En ese momento es imposible considerar el hecho con perspectiva, haciendo un balance según la carrera del jugador, y hacer una valoración en consecuencia que mitigue el dolor. En contraste, el beneplácito que genera ganar es efímero y no puede compararse en magnitud con perder. En mi valoración, sólo ganar un torneo compensa el perder una partida.
Una vez el gran maestro sueco Ulf Andersson me dijo que prefería, en un torneo de nueve partidas, ganar dos y empatar siete, que ganar siete y perder dos, pese a que esta segunda opción implica un punto y medio más. Tal es el horror de los maestros ante la derrota. También el gran maestro Nigel Short, con un humor muy británico, expresó: “Perder una partida de ajedrez no es la muerte de nadie... ¡Es algo mucho peor!”

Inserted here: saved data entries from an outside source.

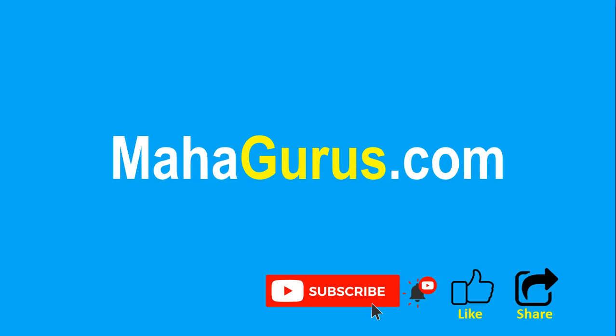You can find the link to complete basics to advanced Excel tutorial in the description below or you can visit Mahagurus.com to see lots of other software courses. Thank you.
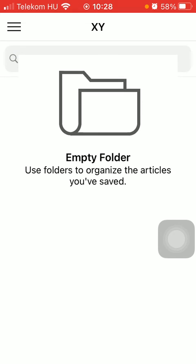That's pretty much it for this video. I hope you found it helpful. If you did, consider subscribing and see you in the next video. Bye bye!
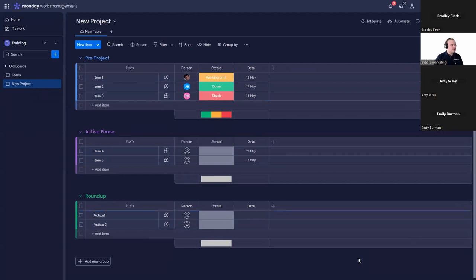Every configurator and consultant understands that this structure is very important in monday.com: across the entire board, no matter which group, all individual rows share the same column types. You can't restrict columns to different groups or put columns on just certain rows. That's where this golden rule lies — but there are ways around it.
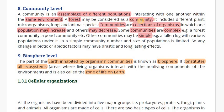For example, a jungle is also a community because it includes different plants, microorganisms, fungi, and animal species. These various populations live in one place, and one population may increase while another may decrease.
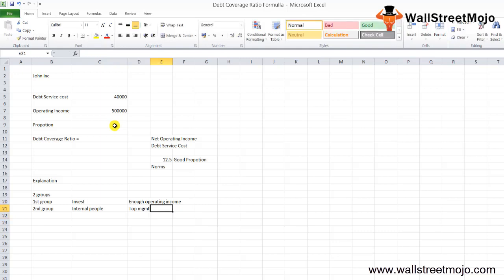They use this formula to see whether the firm has enough internal operating income to go for external sources of finance, meaning debt finance.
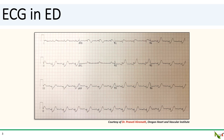Here is her ECG. V2 is a little suspicious but doesn't quite meet STEMI criteria. There are these funny-looking T-waves with upsloping ST depressions in the V leads across the precordium, and the T-waves also look a little peaked. You see the ST depressions in the inferior leads as well, but the T-waves are less peaked there. With her having ongoing chest pain and these funny ECG changes, you tell the ED that you're going to take her to the cath lab.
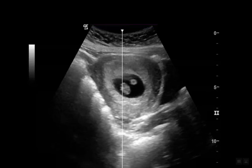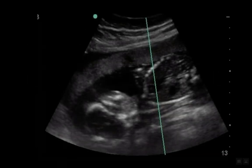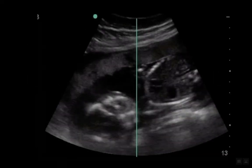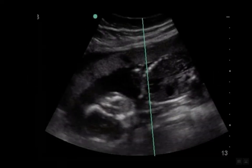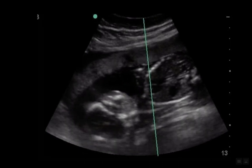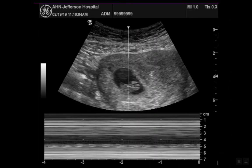You'll get a cursor — a line — and you want to move the line over the heart, arranging it to the point where you're able to measure the motion of the heart. After you do this, you'll get a tracing, as you can see below, where the peaks and troughs correspond to the heart rate of the fetus.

La sensación de fracaso inunda el ánimo, y uno siente que ese fracaso es global, que los demás lo ven a uno como alguien que eligió un juego de ganar y perder, y perdiendo, esa elección no puede ser buena, que habría hecho mejor en dedicarse a otra cosa. Porque además, el juego, el deporte tiene algo de simplista y egocéntrico: uno busca ganar y ganar, no se trata de actividades que la sociedad demanda como útiles, necesarias, o indispensables. No somos un médico que cura, una enfermera que cuida, un arquitecto que diseña, una abogada que litiga. Somos sólo jugadores queriendo egoístamente ganar.

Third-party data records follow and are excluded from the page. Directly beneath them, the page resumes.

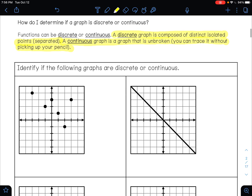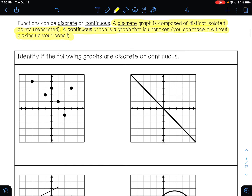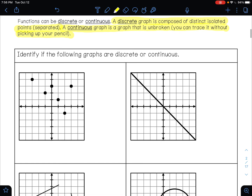So let's look at these. It says identify the following graphs as discrete or continuous. When I look at this first one here, I'm trying to figure out if this is discrete or continuous. So is this graph separated into different parts, or is it unbroken?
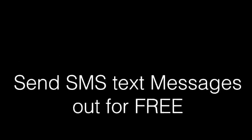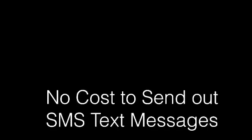Send SMS text messages out for free with this simple to use WordPress plugin. No cost to send out SMS text messages. Works with WordPress only. You can have it today as an instant download for less than $20.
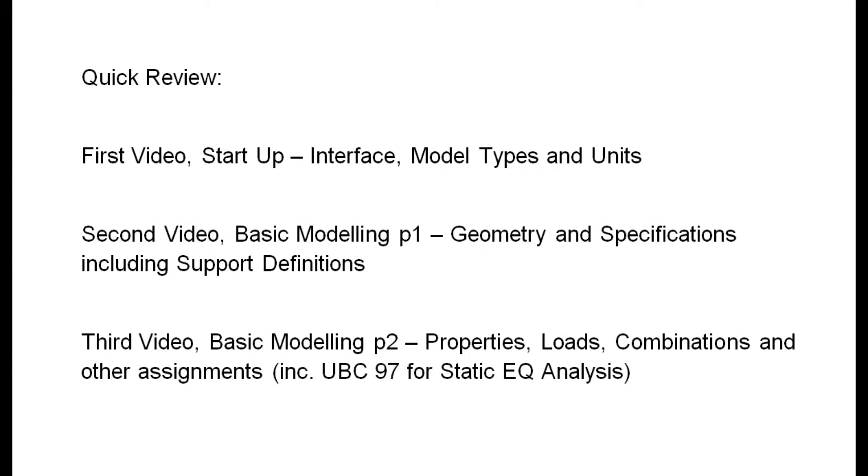The first video was about the startup - some interface, basic model types and units. So it's just about learning how to start a model in STAAD.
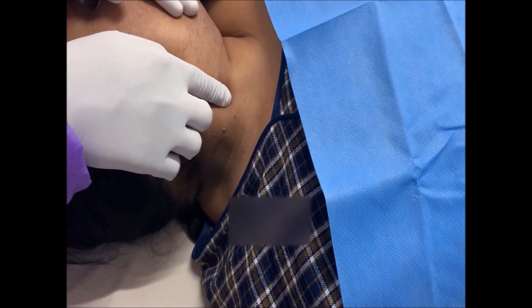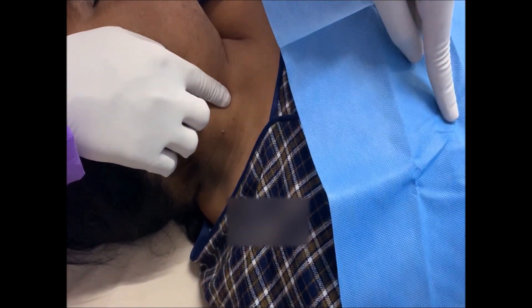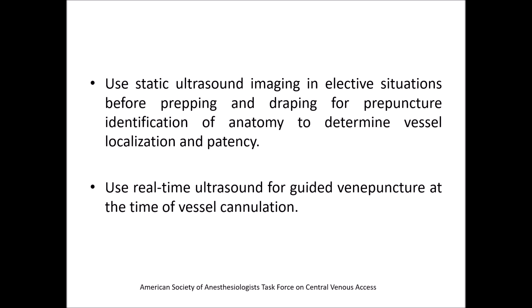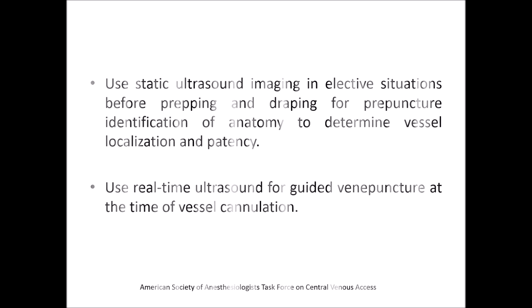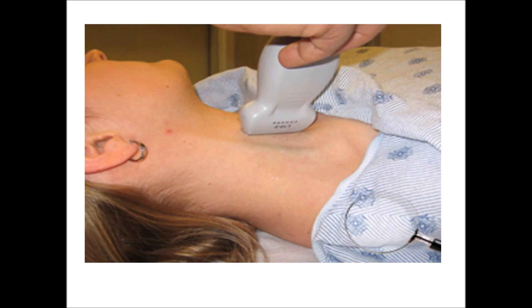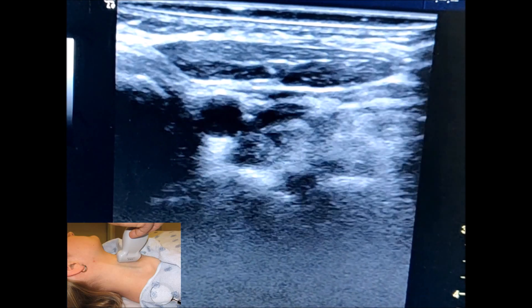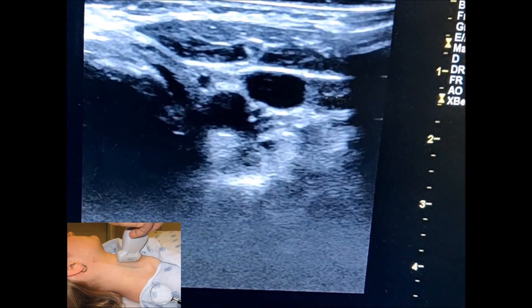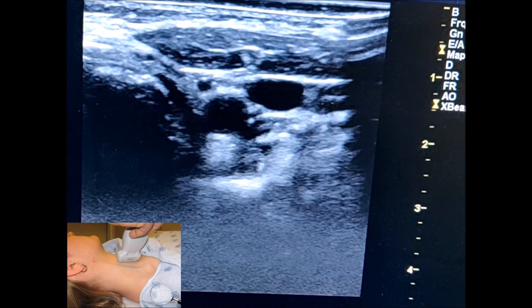The needle is inserted at this point and directed towards the ipsilateral nipple. It is advised to use ultrasound to determine the patency and localization of the internal jugular vein, and to guide venipuncture at the time of vessel cannulation. The ultrasound probe should be kept over the needle insertion site. The jugular vein can be localized by applying gentle pressure with the linear probe — the carotid artery does not collapse due to its tough muscular sheath, whereas the jugular vein collapses.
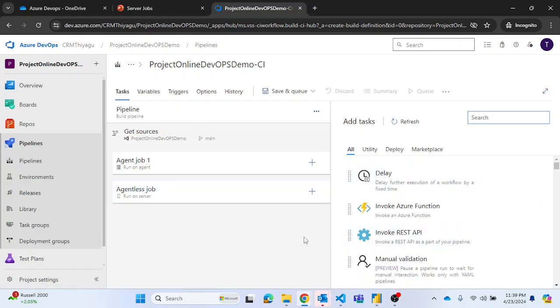You do not need an agent. So these are the situations where server jobs might be very much handy.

Claro que la cosa tiene muchos matices; el factor lúdico es necesario para la vida social; todo el que trabaja, espera con ansia el rato de ocio para ocuparse de su juego predilecto, y es ahí cuando los jugadores se erigen en actores sociales importantes, e incluso cuando obtienen grandes logros, son los representantes de los deseos y las esperanzas de los demás. Por otra parte, la derrota y el fracaso activan una cualidad del espíritu inestimable: ya lo dice Francis Bacon citando a Séneca: “Las cosas buenas que pertenecen a la prosperidad han de desearse, pero las cosas buenas que pertenecen a la adversidad, han de admirarse”. La posibilidad de ser mejores, de aprender de los errores, se activa a partir de la derrota. Ese aprendizaje que requiere rigor del espíritu, meticulosidad en detectar aquéllo sutil que hace las diferencias, el predisponer el alma con la tensión adecuada para afrontar el combate, son cualidades que enseña la derrota. Las mismas no se consiguen con la alegría y el ánimo festivo del triunfo, sino a partir del sufrimiento y el agobio de la derrota.